Electronic Thesis and Dissertation Repository

Degree

Doctor of Philosophy

Program

English

Supervisor

Matthew Rowlinson

Abstract

My dissertation, “Strata, Soma, Psyche: Narrative and the Imagination in the Nineteenth-Century Science of Lyell, Darwin, and Freud,” contributes new research to the diverse field mapping the intersections of science and literature in the nineteenth century. Although scholars such as Gillian Beer and George Levine have established ties between developments in the natural sciences and the scope of the nineteenth-century novel, there has not been a sustained effort to attend to the narrative structures of the primary texts that most influenced coterminous literary movements of the period. My work thus attends closely to the narrative and imaginative form of scientific writing that attempts to transcend the limits of what can be seen. All three of Charles Lyell’s, Charles Darwin’s, and Sigmund Freud’s discipline-making texts (The Principles of Geology, The Origin of Species, and The Interpretation of Dreams) deal with historical forces whose operations cannot be observed in action, but only through the traces that are left behind.
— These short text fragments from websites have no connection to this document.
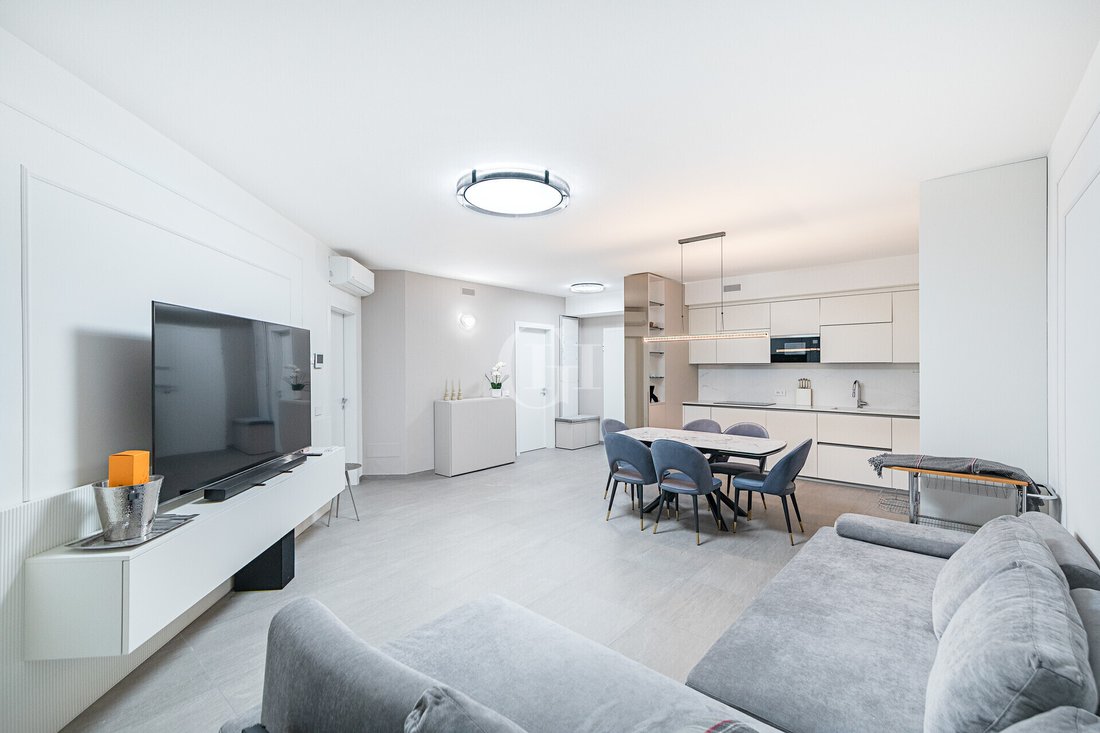 Apartment in Historic Center, Desenzano del Garda, Lombardy 2 - 16280839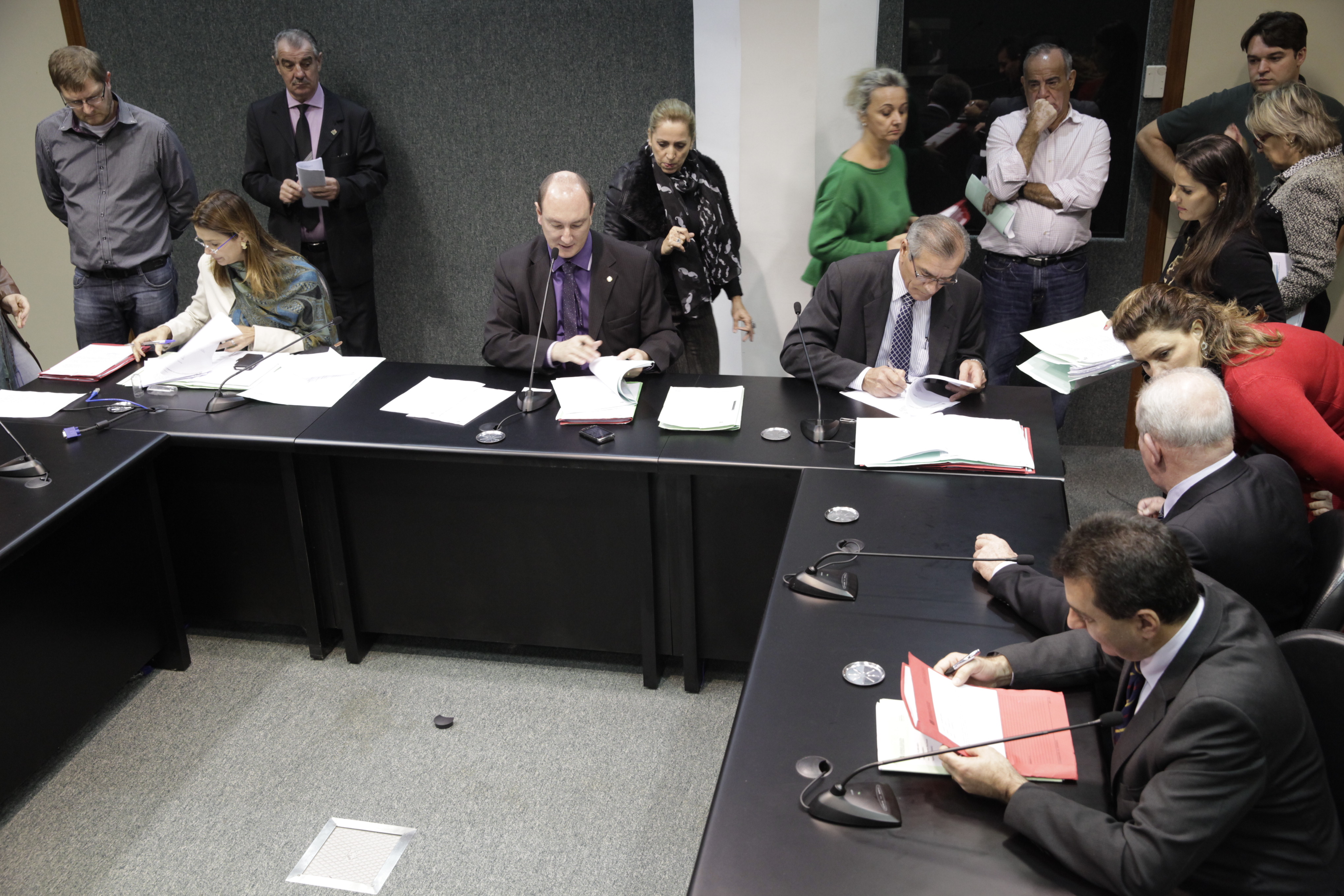Reunião da Comissão de Trabalho, Administração e Serviço Público. Foto: Carlos Kilian/Agência AL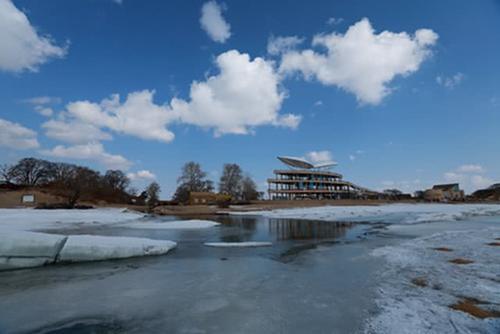 曾是我国最大淡水湖，最长沙滩在这里，素有“东方夏威夷”之称！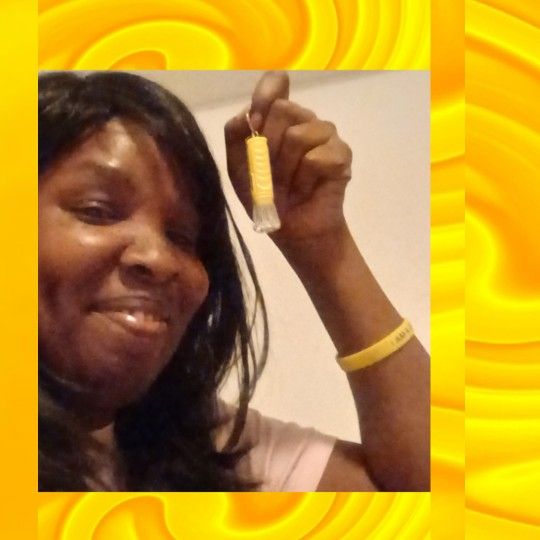YELLOW TOY FOR LITTLE GIRLS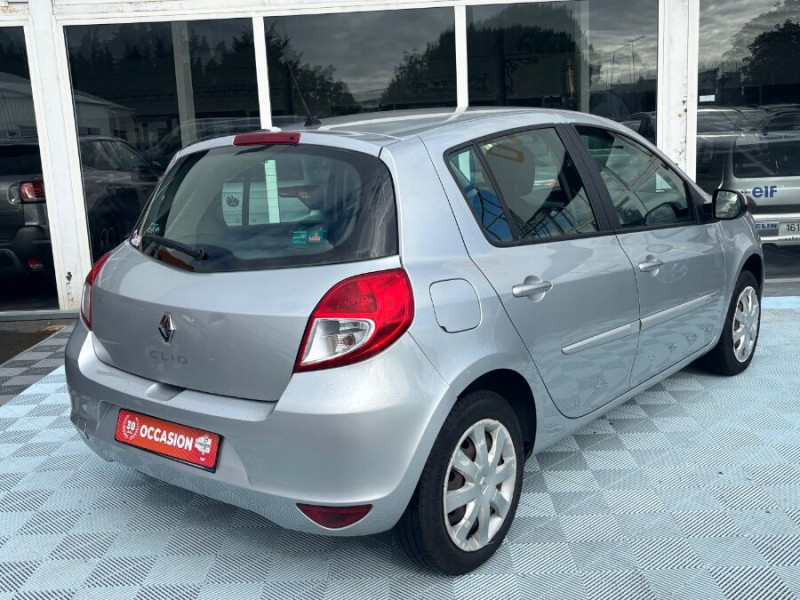 Photo 5 de l'offre de RENAULT CLIO III 1.2 16V 75 5P CLM Crit'Air 1 à 4950€ chez Mérignac auto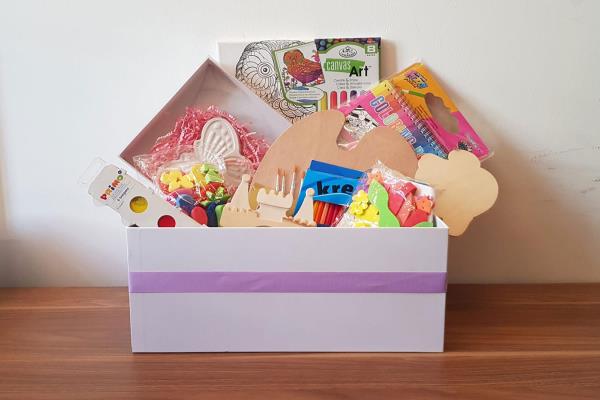 Girls Crafting Adventure Giftbox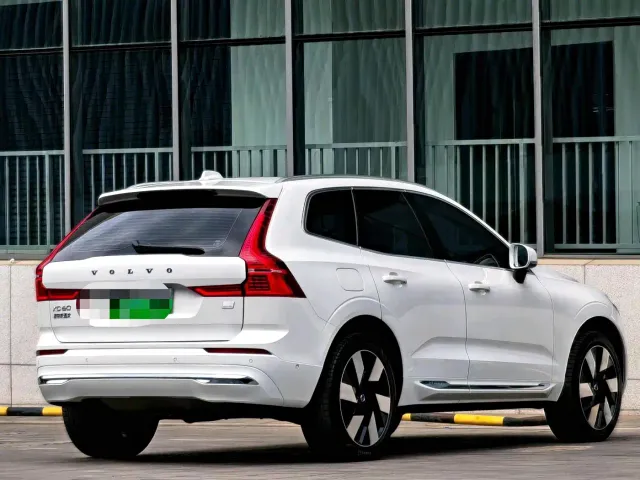 Volvo XC60 — Фото автомобиля 16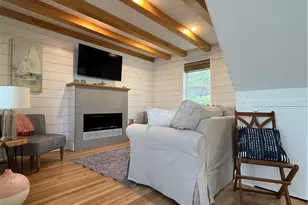 21 Connection St, Newport, RI 02840 - Photo 8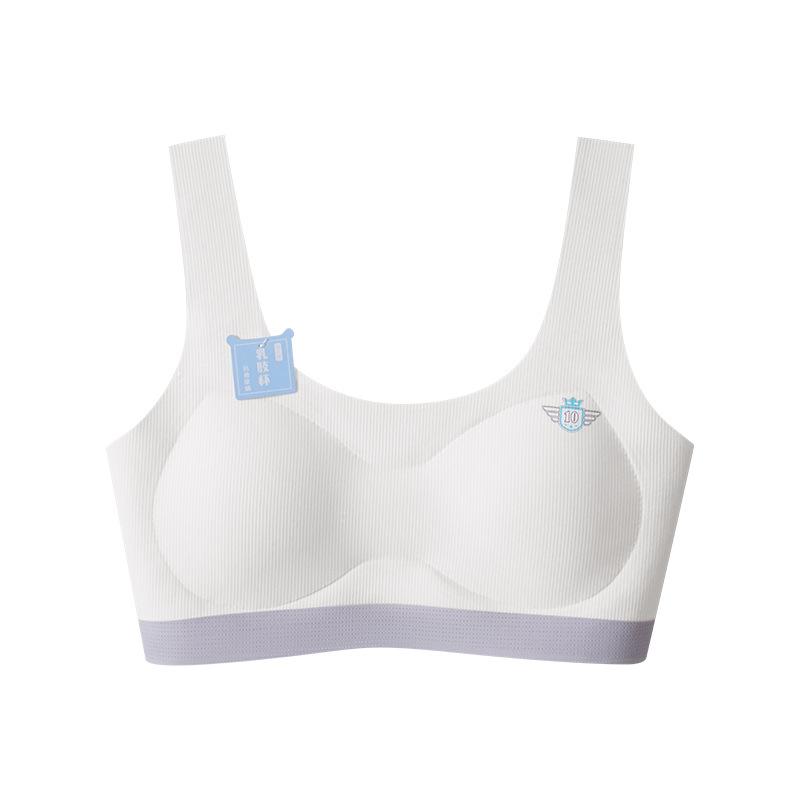Children's development period is small - year-old students, middle and high school students, adolescence, small vest, bra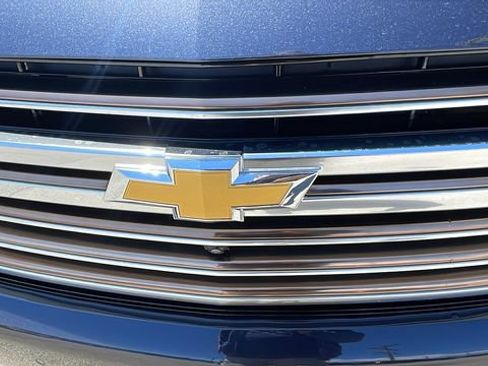 Used 2024 Chevrolet Tahoe High Country w/ Advanced Technology Package AWD/4WD image 9
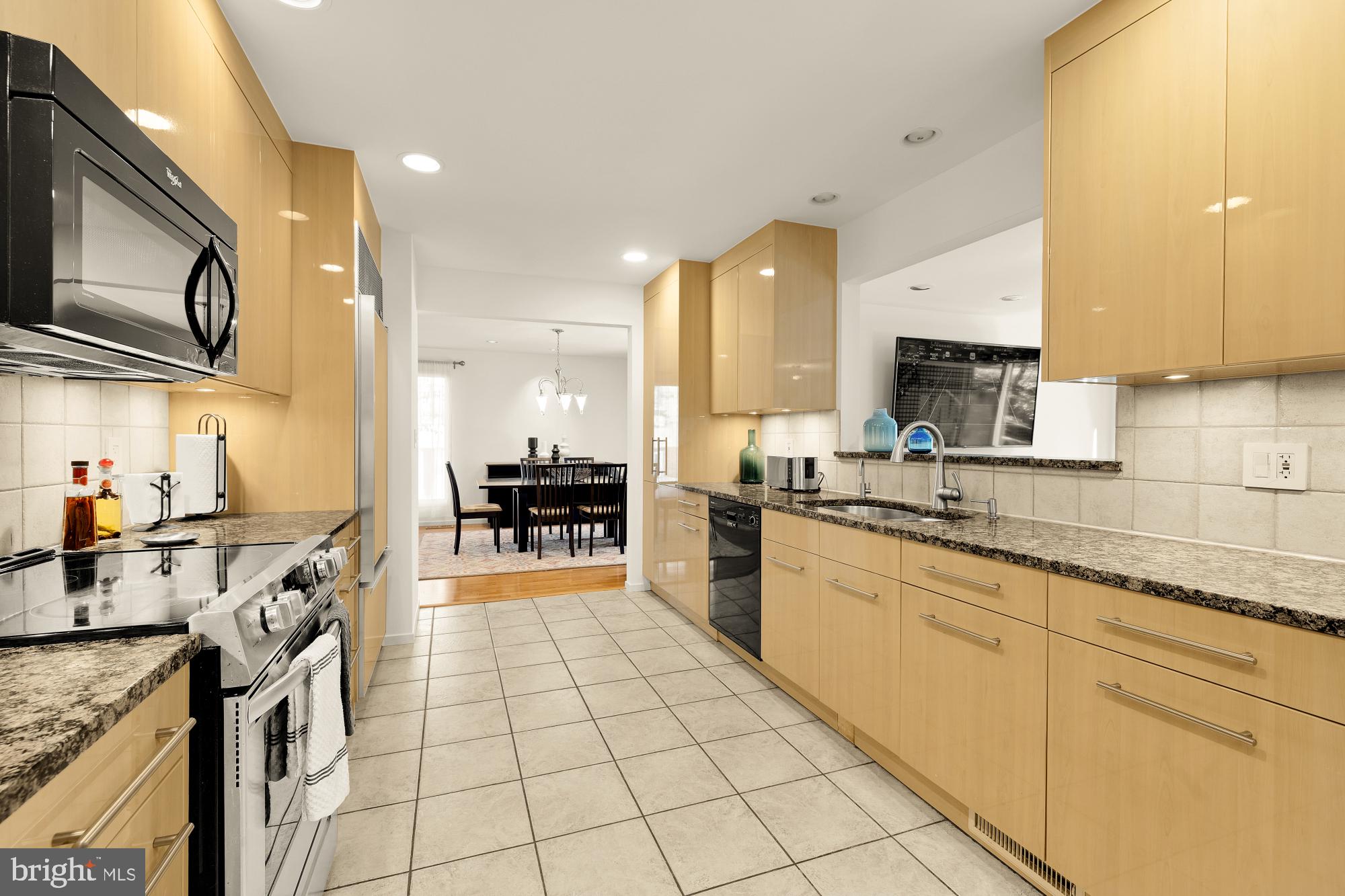 10419 CROSSING CREEK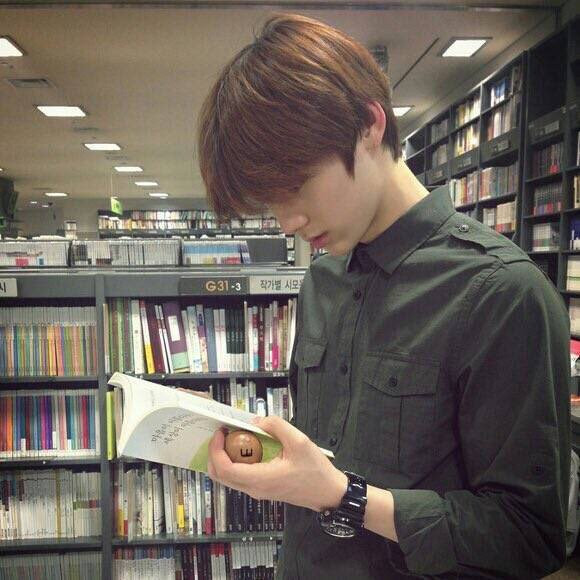 Nếu K-Pop thu nhỏ thành một lớp học, thì đây sẽ là những học trò đặc biệt nhất ảnh 10 Nếu K-Pop thu nhỏ thành một lớp học, thì đây sẽ là những học trò đặc biệt nhất ảnh 10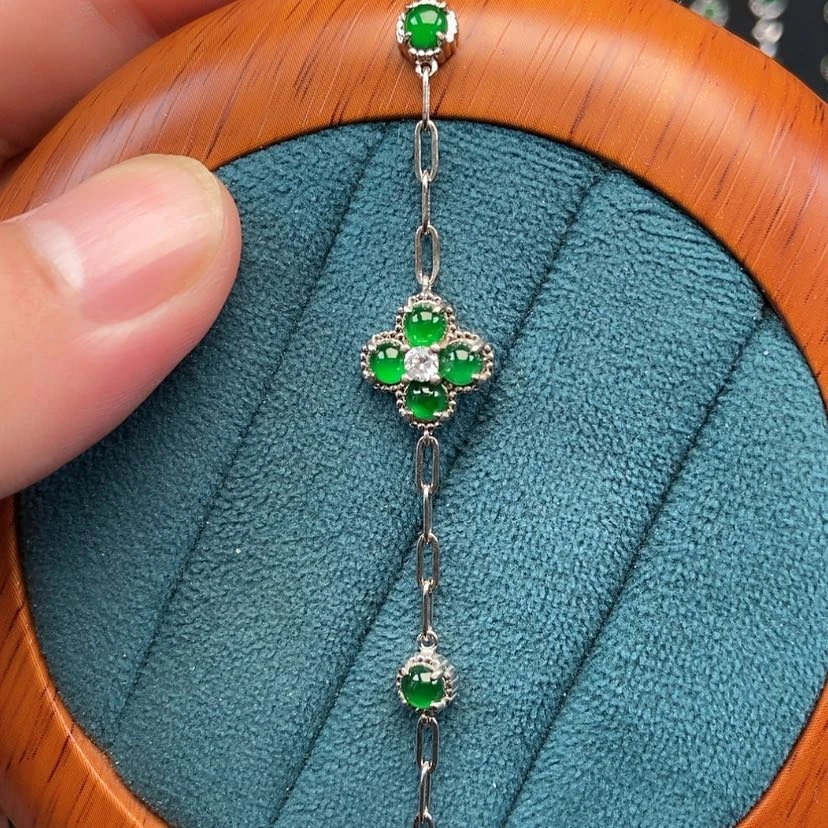 【闪购商品】银S925镶嵌手链翡翠兮兮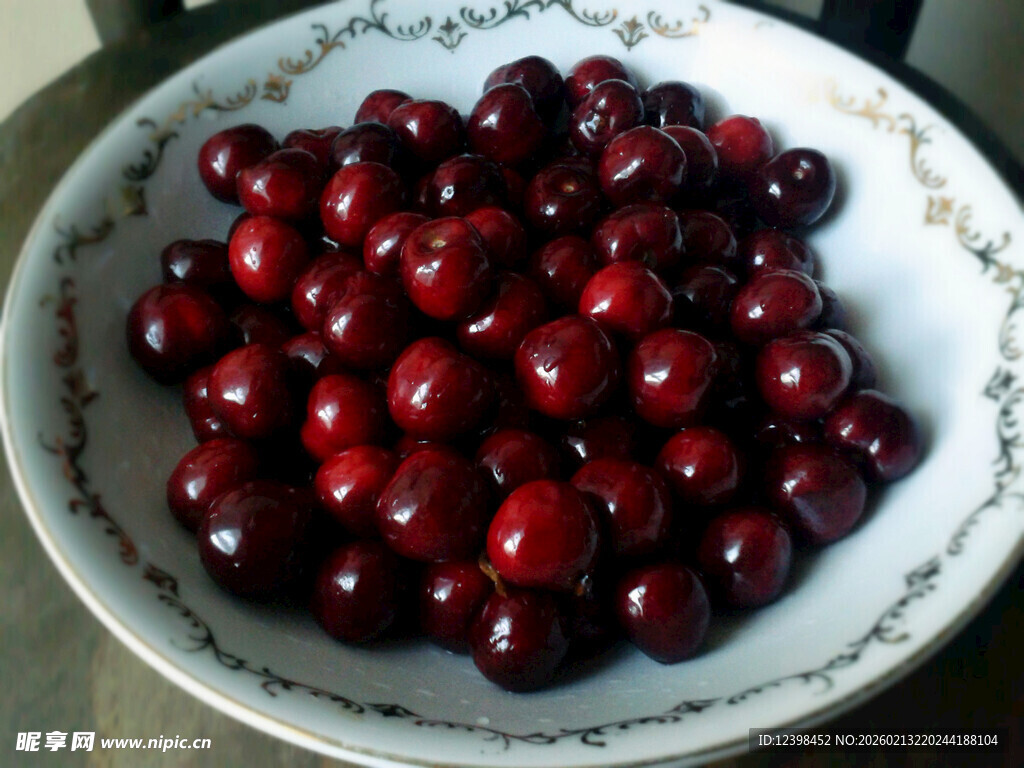 碗中鲜红饱满的车厘子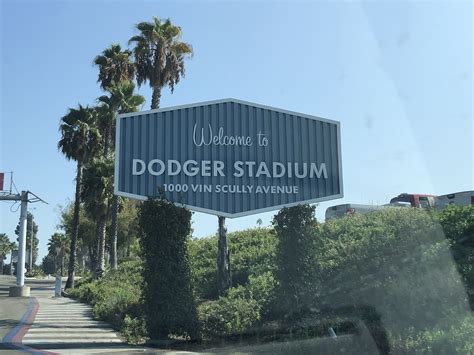 Pin By Scott Verchin On Welcome To Dodger Stadium Vin Scully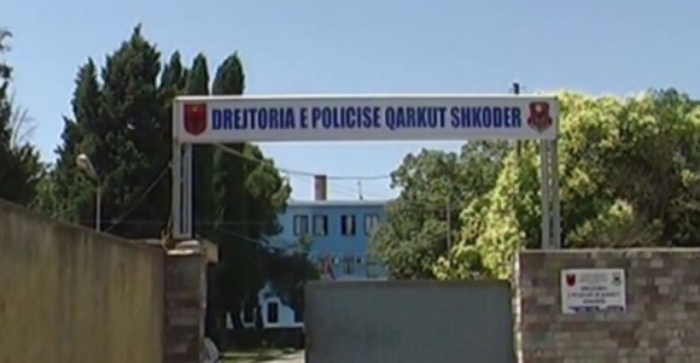 ZBULOHET SKEMA E MASHTRIMIT ME PUNONJËSIT E POLICISË, PROCEDOHET NËNKOMISARI (DETAJET)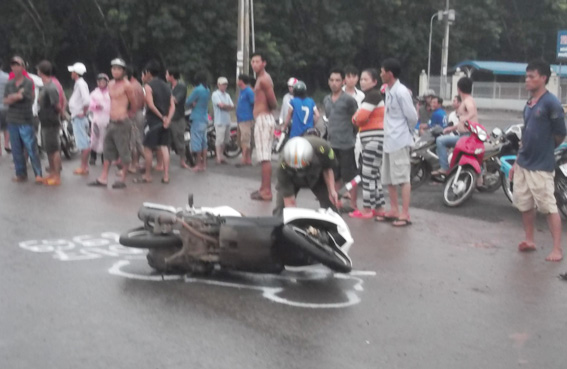 Xe máy va vào xe tải, một người bị nguy kịch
Three long single-author chapters detail how each text reconciles the ambition to establish a new branch of empirical science with the necessity of relying on the imagination to ford the gaps in physical evidence. I provide close readings of these foundational texts, identifying in each the rhetorical systems by which it represents and details what has never been present, and I demonstrate how each author strategically employs methods more conventionally associated with fictional narratives in the pursuit of establishing scientific facts. As a result, my project reframes the dominant concerns of Nineteenth-Century Literature and Science Studies by focusing in on how literary point of view, diversely defined, enables scientific thought to find a language in which to speak.